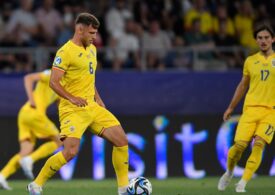 EURO U21: România pierde cu Ucraina și e eliminată de la turneul final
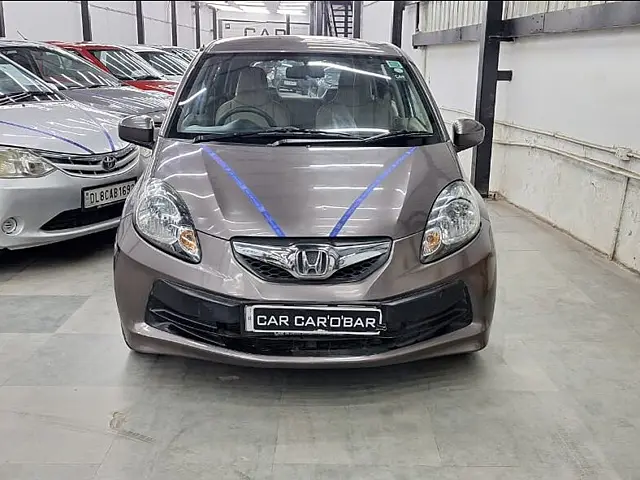 Used 2013 Honda Brio in Gurgaon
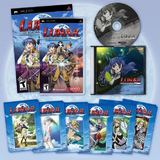 Lunar: Silver Star Harmony -- Limited Edition (PlayStation Portable)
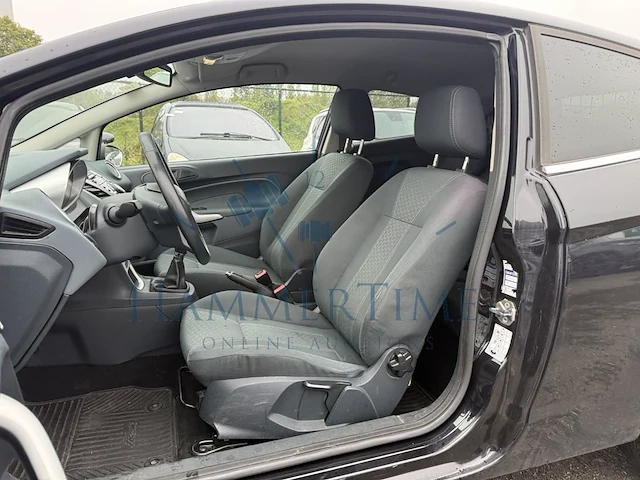 Ford fiesta 1.25i titanium, 2010 - afbeelding 2 van  34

◆ ◆ ◆ ◆

EXERCISE OBJECTIVE.
Output an exact copy of the material, with the pictures removed.

RESULT OF THE EXERCISE.
 EURO U21: România pierde cu Ucraina și e eliminată de la turneul final
 Used 2013 Honda Brio in Gurgaon
 Lunar: Silver Star Harmony -- Limited Edition (PlayStation Portable)
 Ford fiesta 1.25i titanium, 2010 - afbeelding 2 van  34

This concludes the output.